Nuclear Star Clusters (NSCs) are amongst the densest stellar systems in the Universe and are found at the centres of many bright spiral and elliptical galaxies, and up to ${\sim}$40% of dwarf galaxies. However, their formation mechanisms, and possible links to globular clusters (GCs), remain debated. This paper uses the EDGE simulations - a collection of zoom-in, cosmological simulations of isolated dwarf galaxies -- to present a new formation mechanism for NSCs. We find that, at a gas spatial and mass resolution of ${\sim}3\,$pc and ${\sim}161$ M$_\odot$, respectively, NSCs naturally emerge in a subset of our EDGE dwarfs with redshift-zero halo masses of $\rm{M}_{\rm{r}200\rm{c}} \sim 5 \times 10^9$ M$_\odot$. These dwarfs are quenched by reionisation, but retain a significant reservoir of gas that is unable to cool and form stars. Sometime after reionisation, the dwarfs then undergo a major (${\sim}$1:1) merger that excites rapid gas cooling, leading to a significant starburst.
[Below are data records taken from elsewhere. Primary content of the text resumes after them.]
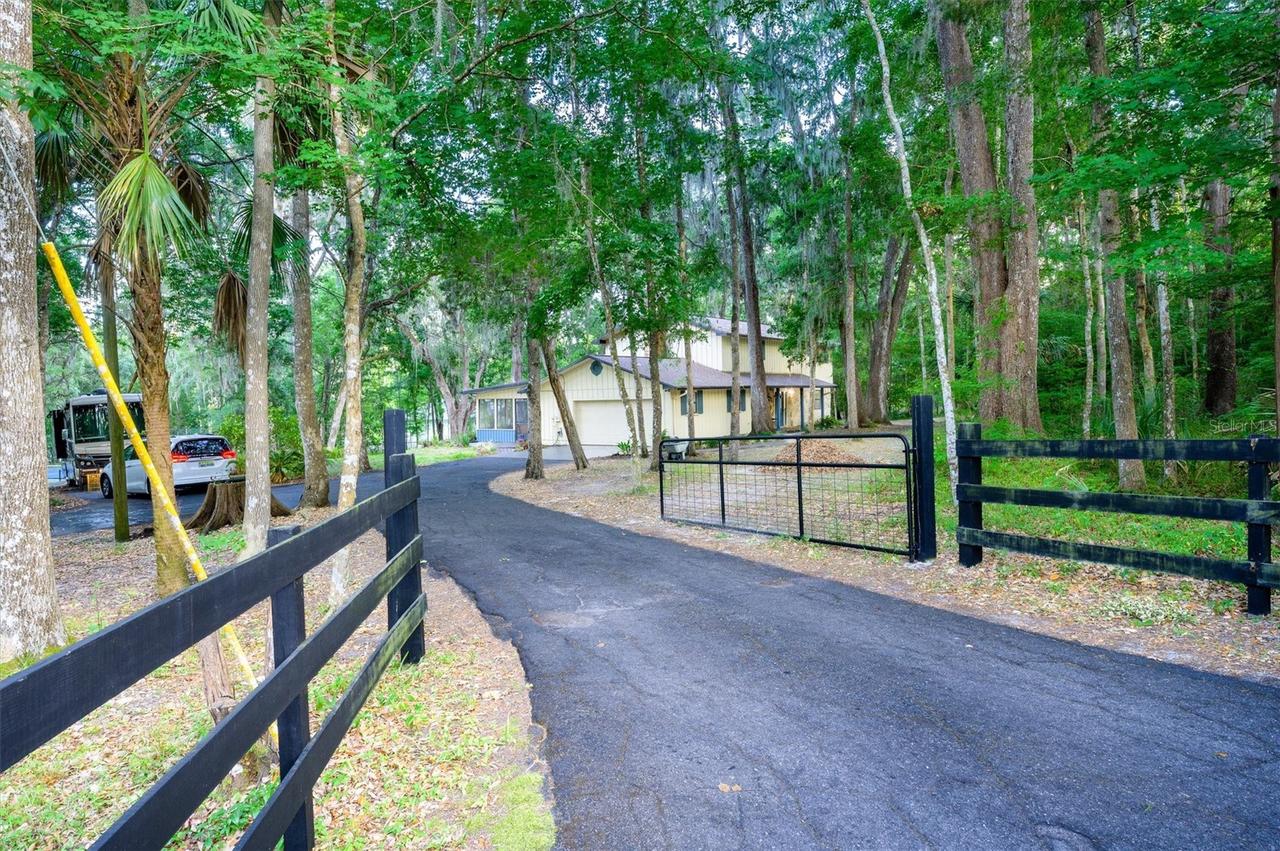 12054 Royal Dr., Brooksville, FL 34601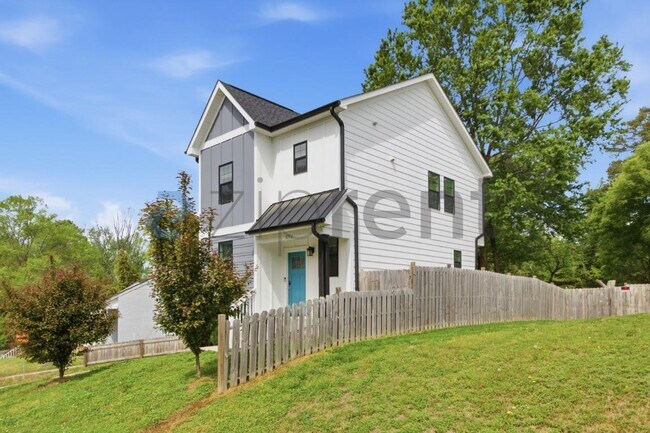 Building Photo - 413A Cecil St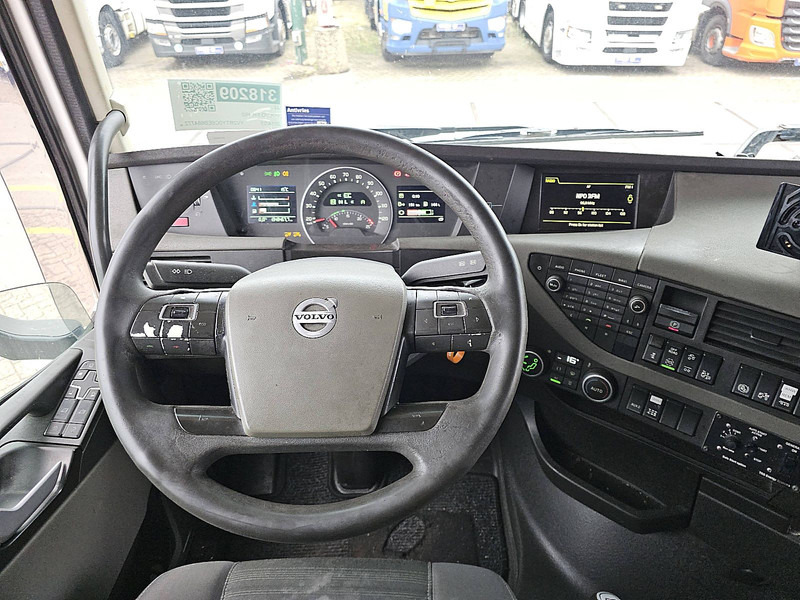 Leasing of Volvo FH 460 6X2 LAMBERET COMBI Volvo FH 460 6X2 LAMBERET COMBI: picture 8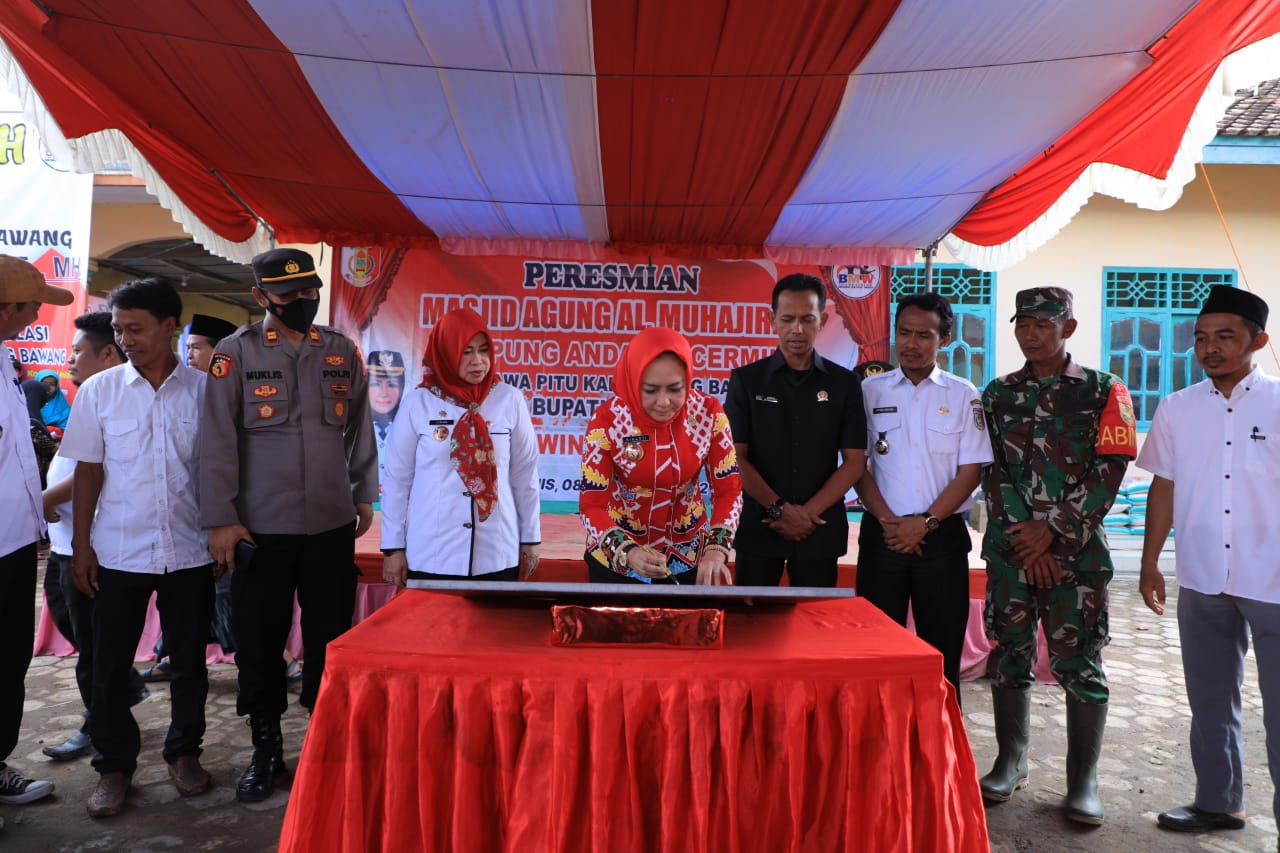 Ke Rawa Pitu, Winarti Resmikan Masjid Agung Hingga Gelar Pasar Murah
An NSC forms in this starburst that then quenches star formation thereafter. The result is a nucleated dwarf that has two stellar populations with distinct age: one pre-reionisation and one post-reionisation. Our mechanism is unique for two key reasons. Firstly, the low mass of the host dwarf means that NSCs, formed in this way, can accrete onto galaxies of almost all masses, potentially seeding the formation of NSCs everywhere. Secondly, our model predicts that NSCs should have at least two stellar populations with a large ($\gtrsim$1 billion year) age separation. This yields a predicted colour magnitude diagram for our nucleated dwarfs that has two distinct main sequence turnoffs. Several GCs orbiting the Milky Way, including Omega Centauri and M54, show exactly this behaviour, suggesting that they may, in fact, be accreted NSCs.